Troubleshooting Beef Broth Slurry
Having troubles with your slurry? Here are some common issues and fixes:
Lumpy slurry: The starch wasn’t fully dissolved. Strain through a sieve before adding.
Not thickening: Didn’t boil after adding slurry to activate the starch. Bring to a boil and simmer 2-3 minutes.
Too thick: Added too much slurry. Thin it out with a little extra beef broth.
Starchy taste: Didn’t simmer once adding slurry. Boil for 2-3 minutes to eliminate raw taste.
With a little practice, you’ll be able to easily whip up the perfect beef broth slurry for flawlessly thickened dishes every time.

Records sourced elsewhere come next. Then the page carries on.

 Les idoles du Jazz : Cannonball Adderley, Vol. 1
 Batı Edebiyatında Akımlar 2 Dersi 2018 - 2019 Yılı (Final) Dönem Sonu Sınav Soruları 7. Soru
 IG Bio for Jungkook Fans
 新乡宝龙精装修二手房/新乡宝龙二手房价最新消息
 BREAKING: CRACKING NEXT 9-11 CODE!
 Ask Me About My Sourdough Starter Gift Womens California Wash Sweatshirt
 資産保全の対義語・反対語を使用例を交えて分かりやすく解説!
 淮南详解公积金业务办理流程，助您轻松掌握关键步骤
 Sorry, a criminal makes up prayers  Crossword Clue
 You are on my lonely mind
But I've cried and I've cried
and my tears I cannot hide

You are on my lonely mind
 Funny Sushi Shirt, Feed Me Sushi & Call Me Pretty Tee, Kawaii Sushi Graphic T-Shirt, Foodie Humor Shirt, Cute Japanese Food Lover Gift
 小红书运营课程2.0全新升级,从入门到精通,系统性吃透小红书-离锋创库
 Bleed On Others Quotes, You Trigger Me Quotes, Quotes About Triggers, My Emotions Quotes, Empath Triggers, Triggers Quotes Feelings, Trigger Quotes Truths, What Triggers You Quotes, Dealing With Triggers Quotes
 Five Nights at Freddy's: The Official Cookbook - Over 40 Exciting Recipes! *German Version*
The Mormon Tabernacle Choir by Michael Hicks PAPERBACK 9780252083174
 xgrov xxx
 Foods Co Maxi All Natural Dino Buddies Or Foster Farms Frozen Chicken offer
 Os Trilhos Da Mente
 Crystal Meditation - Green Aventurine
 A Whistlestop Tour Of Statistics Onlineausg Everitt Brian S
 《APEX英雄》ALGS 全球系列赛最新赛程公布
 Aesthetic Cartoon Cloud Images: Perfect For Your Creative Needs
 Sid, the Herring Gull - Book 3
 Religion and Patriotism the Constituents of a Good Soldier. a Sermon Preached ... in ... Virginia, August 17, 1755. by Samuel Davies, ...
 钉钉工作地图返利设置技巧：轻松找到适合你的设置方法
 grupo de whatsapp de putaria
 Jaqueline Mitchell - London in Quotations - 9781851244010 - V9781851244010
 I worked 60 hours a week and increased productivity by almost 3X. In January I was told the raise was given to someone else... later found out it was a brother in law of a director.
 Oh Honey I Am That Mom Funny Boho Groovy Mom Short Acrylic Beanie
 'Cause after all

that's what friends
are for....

Frequently Asked Questions
Still have questions about mastering beef broth slurry? Here are answers to some common beef broth slurry FAQs:
How long does beef broth slurry keep? Store slurry in an airtight container in the fridge up to 4-5 days. It may thicken more upon sitting.
Can I use all-purpose flour instead of cornstarch? Yes, just use a 2:1 ratio of flour to cold broth when mixing the slurry.
What can I use if I don’t have beef broth? Chicken broth, vegetable broth, or water will also work. The flavor just won’t be as rich.
What’s the best beef broth to use? Look for a nicely flavored homemade or store-bought low-sodium beef broth. Avoid any with strong spices.
How do I make slurry without clumping? Whisk together very smoothly and strain if needed. Slowly pour into simmering liquid while constantly stirring.
What can I do if my slurry is too thick? Thin it by whisking in a little extra beef broth until you reach the desired consistency.
Unlock the Thickening Power of Beef Broth Slurry
With so many benefits and uses, beef broth slurry is a handy staple in any home cook’s arsenal. Master the simple techniques for mixing up smooth slurry and incorporating it properly into soups, stews, and sauces. Soon you’ll be using beef broth slurry anytime you need to add luscious thickness and rich umami flavor. Say goodbye to watery sauces and unleash the thickening power of beef broth slurry!